*WHAT THE EXERCISE ASKS*.
Would you print all of the entries exactly, please, but without their pictures?

*DATASET RECORDS*.
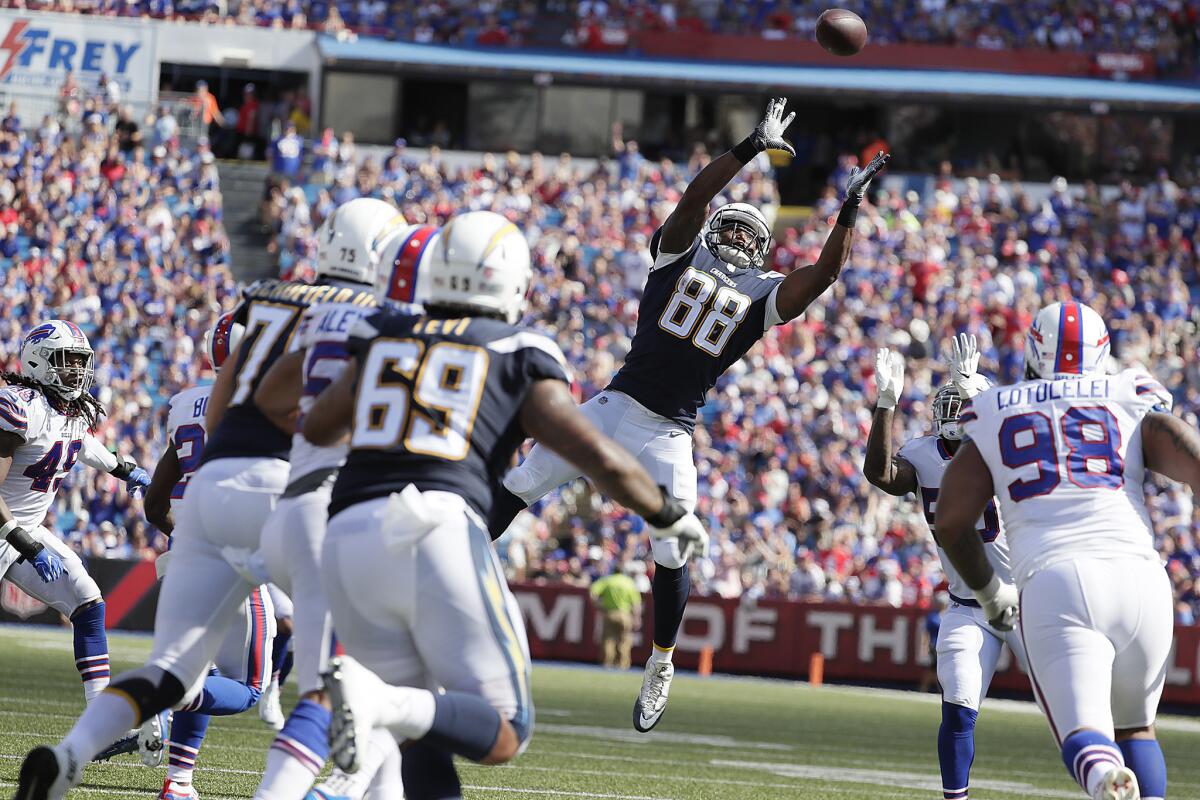 Chargers tight end Virgil Green reaches out for a deflected pass from quarterback Philip Rivers during a second-half drive against the Buffalo Bills at New Era Field on Sunday.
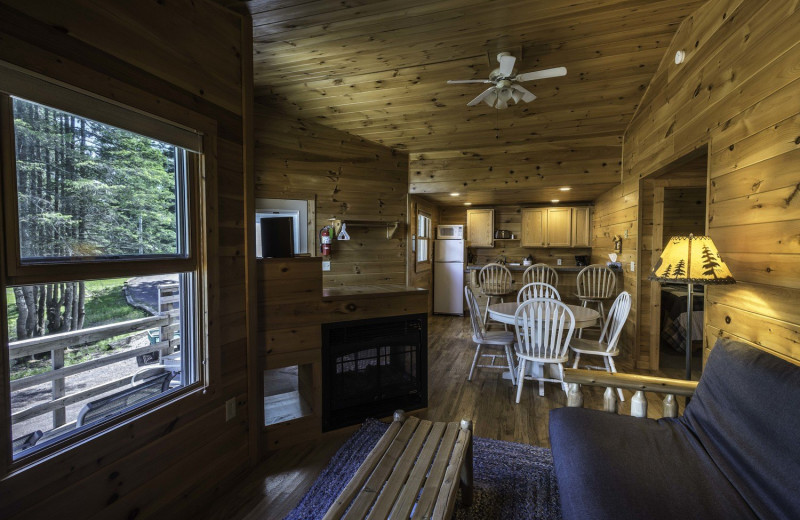 Cabin living room at Stonegate on Superior.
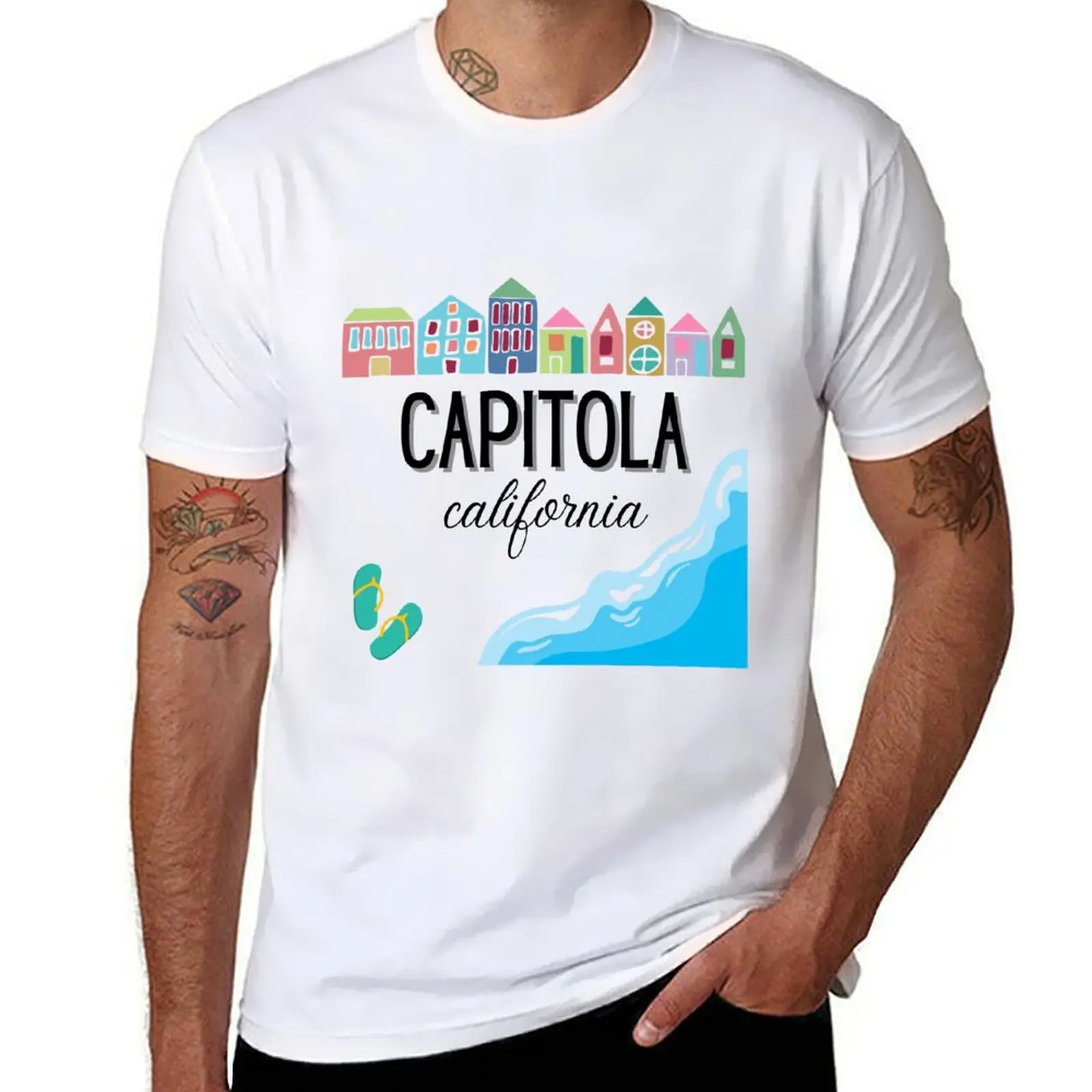 Capitola Santa Cruz California Colorful Beach Houses T-Shirt plus sizes new gifts and t-shirts mens t shirt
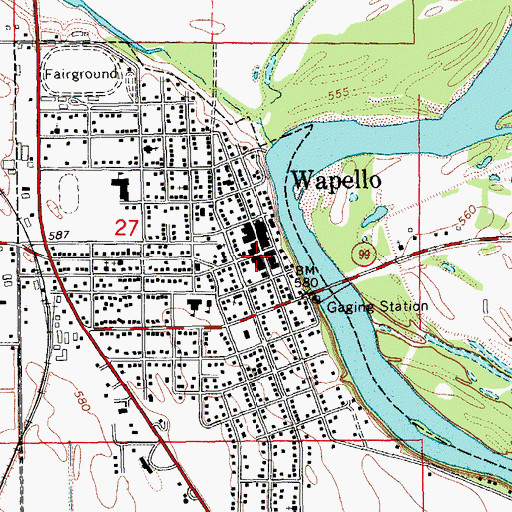 Topographic Map of Wapello, IA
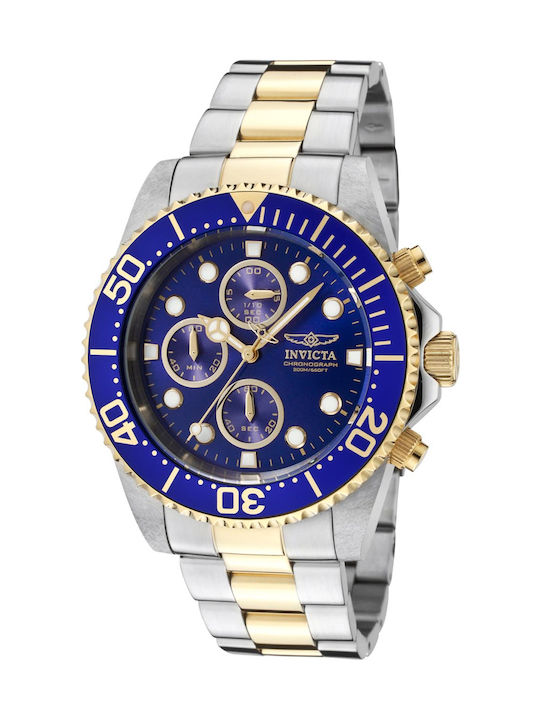 Invicta Pro Diver Ανδρικό Ρολόι 43mm Χρονογράφος Kinetic με Ασημί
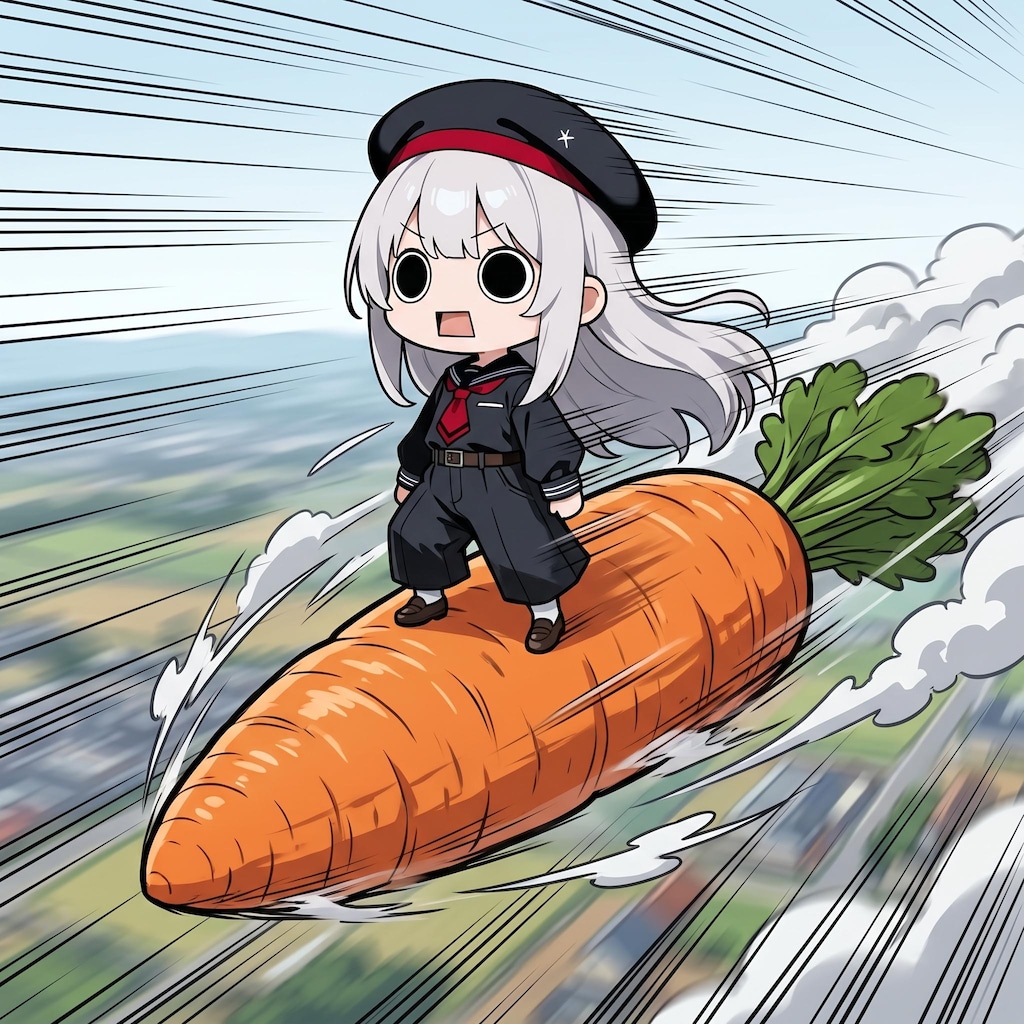 ジェット人参を乗りこなすえらいこっちゃ嬢
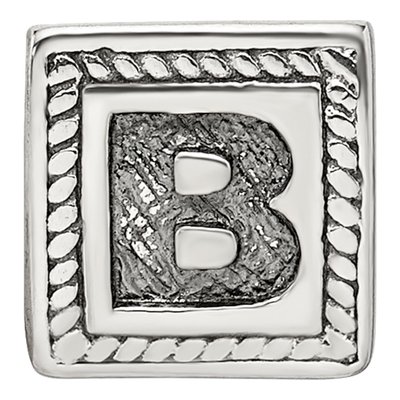 Sterling Silver Block Letter B Bead – view 5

*SOLUTION FOR THIS EXERCISE*.
 Chargers tight end Virgil Green reaches out for a deflected pass from quarterback Philip Rivers during a second-half drive against the Buffalo Bills at New Era Field on Sunday.
 Cabin living room at Stonegate on Superior.
 Capitola Santa Cruz California Colorful Beach Houses T-Shirt plus sizes new gifts and t-shirts mens t shirt
 Topographic Map of Wapello, IA
 Invicta Pro Diver Ανδρικό Ρολόι 43mm Χρονογράφος Kinetic με Ασημί
 ジェット人参を乗りこなすえらいこっちゃ嬢
 Sterling Silver Block Letter B Bead – view 5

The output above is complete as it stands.